翌年、2013年の参議院選挙は、選挙活動においてインターネットの利用が解禁された最初の国政選挙となりました。それまでは、インターネットの利用は、告示日前日の23時59分まで。後は、有権者は候補者の演説に足を運ぶしかありません。インターネット利用の解禁により、候補者は有権者と物理的な制約を超えて、対話を図ることができるようになりました。「ちばでも」では、千葉選挙区の立候補予定者にアンケートを実施し、政策比較表を作成し、WEBサイトに掲載しました。
2016年の参議院選挙は、国政で初めて選挙権年齢が18歳に引き下げられた選挙となりました。今後、被選挙権年齢についても考えていくことで、若者の政治参画の可能性は高まっていくと思いますが、2012年から始まった「ちばでも」の歴史は、わが国の選挙制度が大きく変化した10年の歴史と重なります。
「ちばでも」が目指すことは、有権者に「選択するための判断材料」を提供することです。そして、日本の民主主義を成熟させていくという壮大な夢を描いています。
民主主義とは、政治制度のひとつでもありますが、その言葉には、普遍的な価値が込められていると思います。その価値とは、「社会は、あらゆる考え方や存在を受容し、法の下に平等であり、自由が保証された上で、選択を行っていくこと」であると言えます。
多様な意見がある中で、自分の意見もしくは自分に近い意見が選択されることがあるでしょう。一方、そうした意見が選択されないこともあります。選挙に立候補すれば、時には勝利し、時には敗北するかもしれません。自分が応援している政治的プロジェクトが成功することもあれば、失敗することもあります。これらのことは、民主主義という普遍的な価値が成立しているからこそ、私たちは、何らかの行動ができ、また、自分たちの幸福を追求することができるのです。
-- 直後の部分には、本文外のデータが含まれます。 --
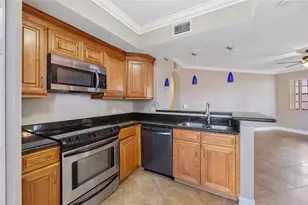 410 Belmont Ln, North Lauderdale, FL 33068 - Photo 13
政治のことは難しい。自分が一票いれたところで何も変わらない。この社会はなんだか理不尽だな、たくさんの不満がある。こんな言葉を耳にします。まずは、自分の身の回りのことから関心を持ってもらいたいと思います。自分の一票では、国のことは何も変わらないかもしれないけれども、自分の身の回りのことに関心を持って、自分ができることをやってみることで、自分の身の回りにある問題は解決できるかもしれないし、何か変えることができるかもしれないのです。実は、自分の身の回りのことは、市区町村、都道府県などといった自治体の仕事に大きく関わっている可能性が高いですし、皆さんのひとつの行動は、そうした自治体の取り組みを変えることに影響力を持つかもしれません。
「ちばでも」というプロジェクトは、そうしたことのひとつの「きっかけ」かもしれません。選挙は、18歳以上の誰もが自分の意見を投票という形で表現できる機会です。
有権者に選択肢と対話を。「ちばでも」は、これからも民主主義という普遍的な価値を追い求めていきます。